According to DBS, Inflationary pressure is picking up. And April CPI figures out tomorrow will testify to that, with the headline number expected to print 1.8% YoY, up from 1.5% in the previous month and a mere 1.3% just three months ago.
DBS said that they have been highlighting this since end of last year that Malaysia’s inflation will start to pick up from the second quarter onwards amid the build-up in price pressure due to the buoyant domestic growth.
And this is despite the economy having recorded the best inflation profile in 2012.
Here's more from DBS:
Plainly, inflation is likely to rise towards the 3% mark towards the end of the year (see chart). However, the argument against this is that domestic growthmomentum appears to be moderating.

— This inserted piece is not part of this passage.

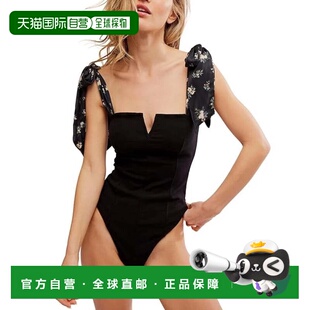 自营Women's Free People Lola Bodysuit Black Tie Shoulder Squ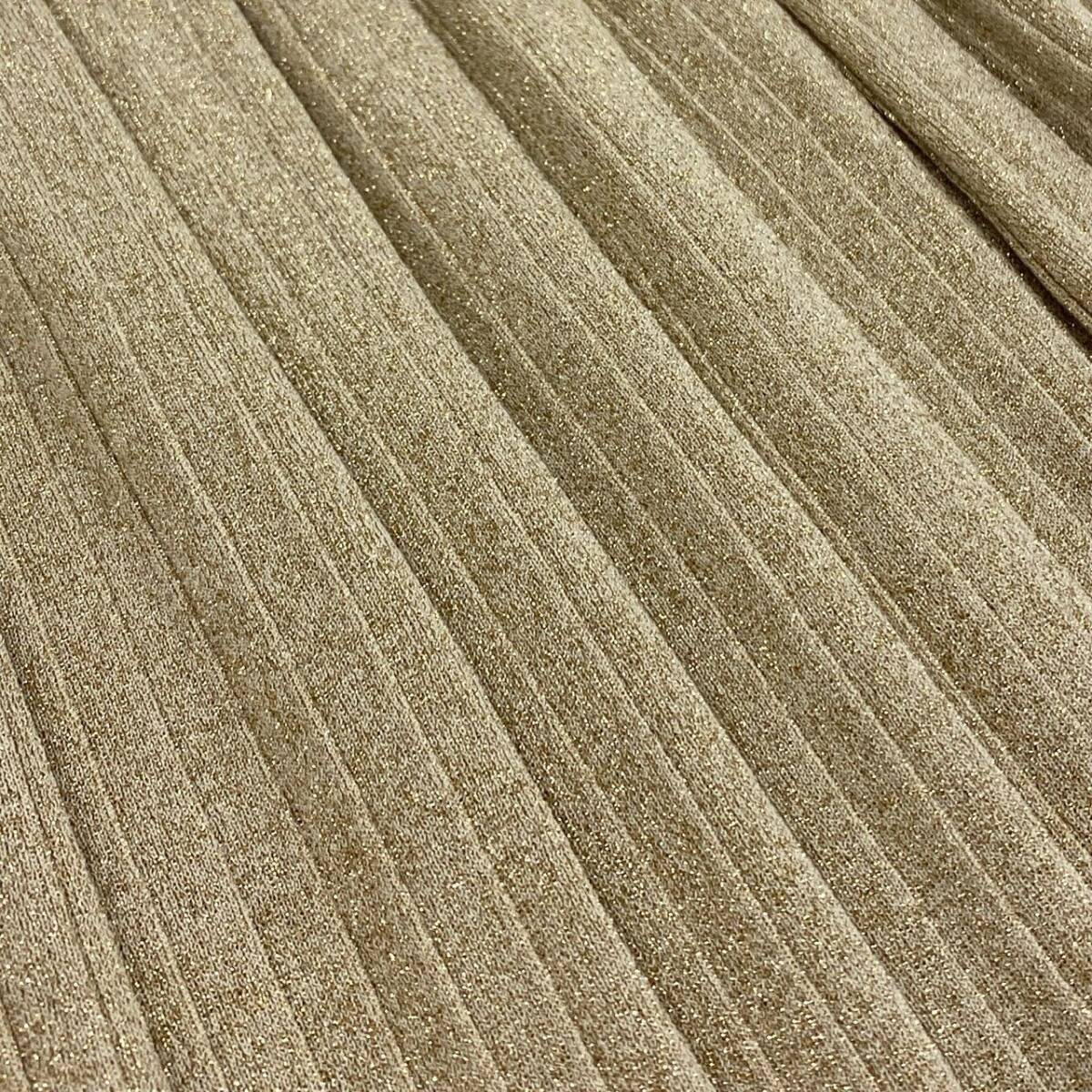 58k27 《美品》定価￥93,500 Drawer ドゥロワー ラメプリーツ ニットスカート F ゴールド イタリア素材 日本制 ボトムス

Latest GDP figures show that the underlying growth momentum has eased to 4.1% YoY in 1Q13, from 6.4% previously. But as we’ve pointed out in our earlier write-up, the moderation in growth pace is largely due to a surge in import growth on the back of a strong domestic demand.
Private consumption growth in fact has picked up in the first quarter.
Nonetheless, the consideration is that investment growth and the government’s pump-priming effort is ebbing. This could have a spill-over effect on consumption and consequently on inflationary pressure.
This essentially makes for lower than expected inflation in the coming months. And that will certainly threaten our call for rate hikes by the central bank in the latter part of the year as well as the full year inflation forecast of 2.8%.
In fact, if the slower growth momentum persists, we’ll have to par down our expectation on inflation and the policy stance.